### [Data]

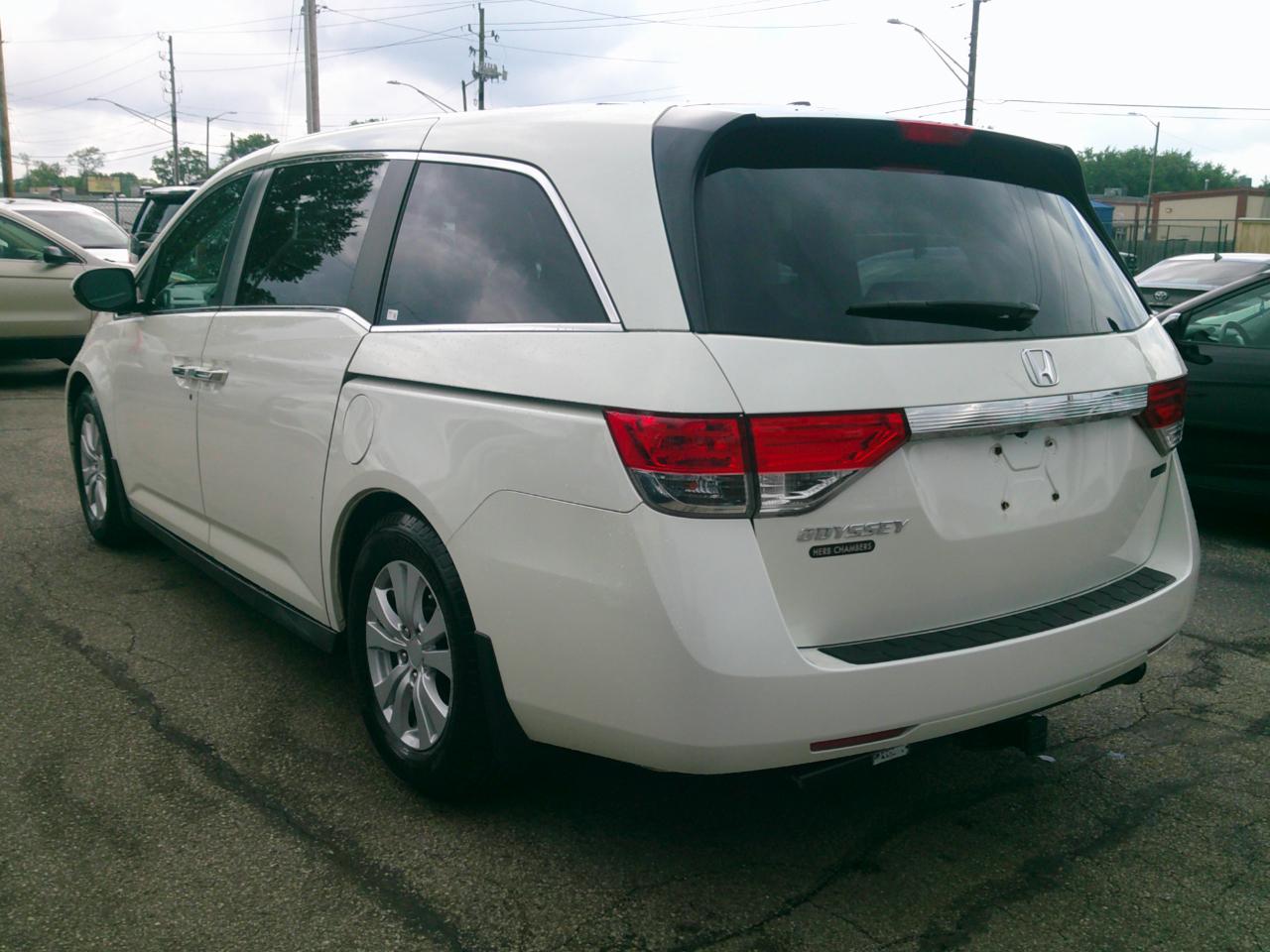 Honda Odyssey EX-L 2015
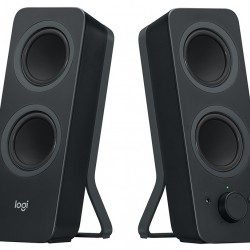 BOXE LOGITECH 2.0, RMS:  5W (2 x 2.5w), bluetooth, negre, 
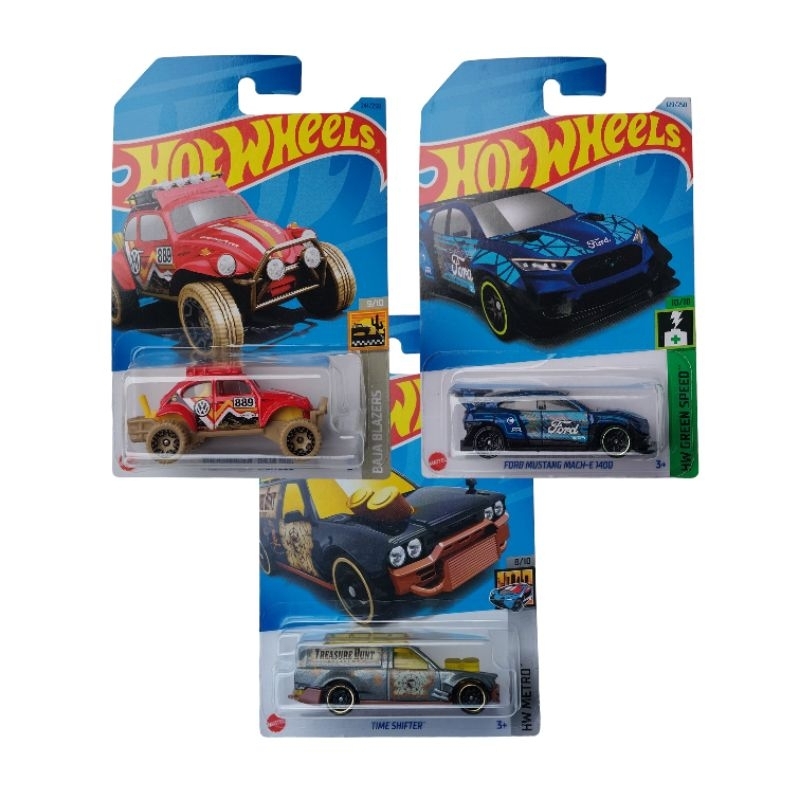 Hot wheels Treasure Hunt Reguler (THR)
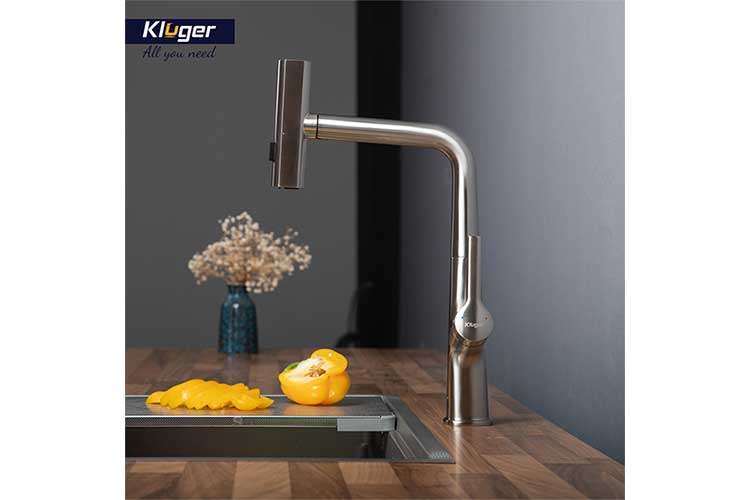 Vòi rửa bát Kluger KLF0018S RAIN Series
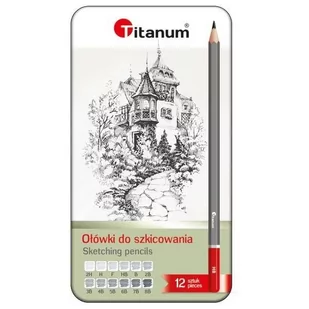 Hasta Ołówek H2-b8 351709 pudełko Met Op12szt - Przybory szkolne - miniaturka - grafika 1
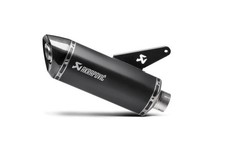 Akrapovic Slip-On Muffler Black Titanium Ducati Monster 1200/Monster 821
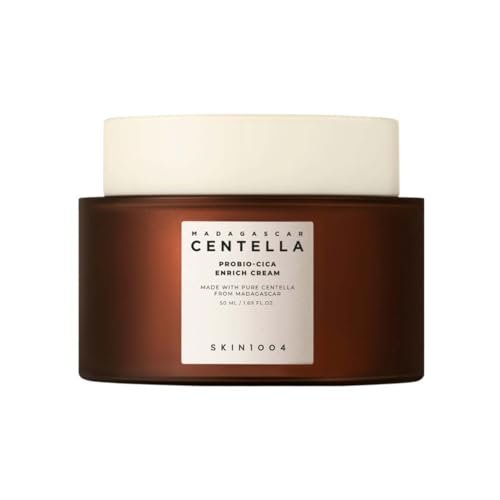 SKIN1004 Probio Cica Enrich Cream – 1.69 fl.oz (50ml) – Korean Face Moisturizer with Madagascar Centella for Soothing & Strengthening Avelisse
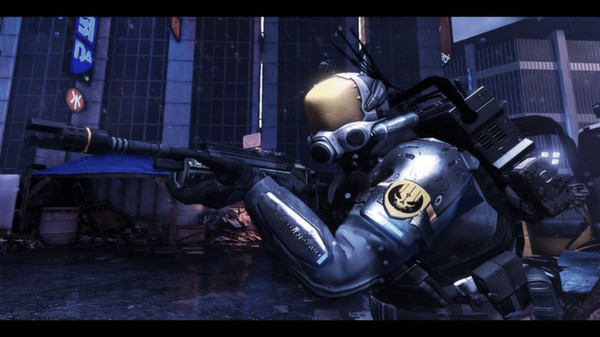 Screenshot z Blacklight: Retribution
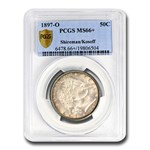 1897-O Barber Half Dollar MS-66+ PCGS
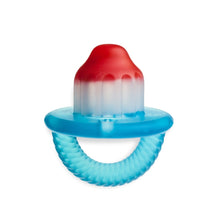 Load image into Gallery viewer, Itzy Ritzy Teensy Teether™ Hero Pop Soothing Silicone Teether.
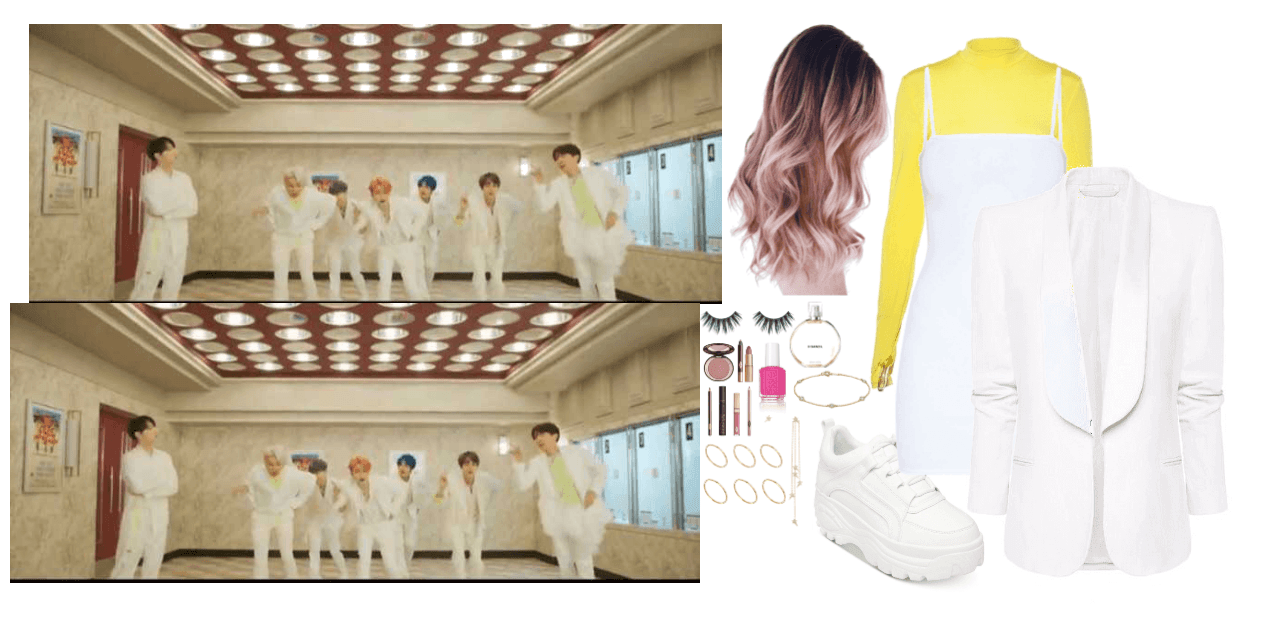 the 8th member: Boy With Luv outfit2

### [Exercise]
From the first line of the entries above through the line with "Vòi rửa bát Kluger KLF0018S RAIN Series", set down each line exactly and drop the pictures.

### [Exercise answer]
 Honda Odyssey EX-L 2015
 BOXE LOGITECH 2.0, RMS:  5W (2 x 2.5w), bluetooth, negre, 
 Hot wheels Treasure Hunt Reguler (THR)
 Vòi rửa bát Kluger KLF0018S RAIN Series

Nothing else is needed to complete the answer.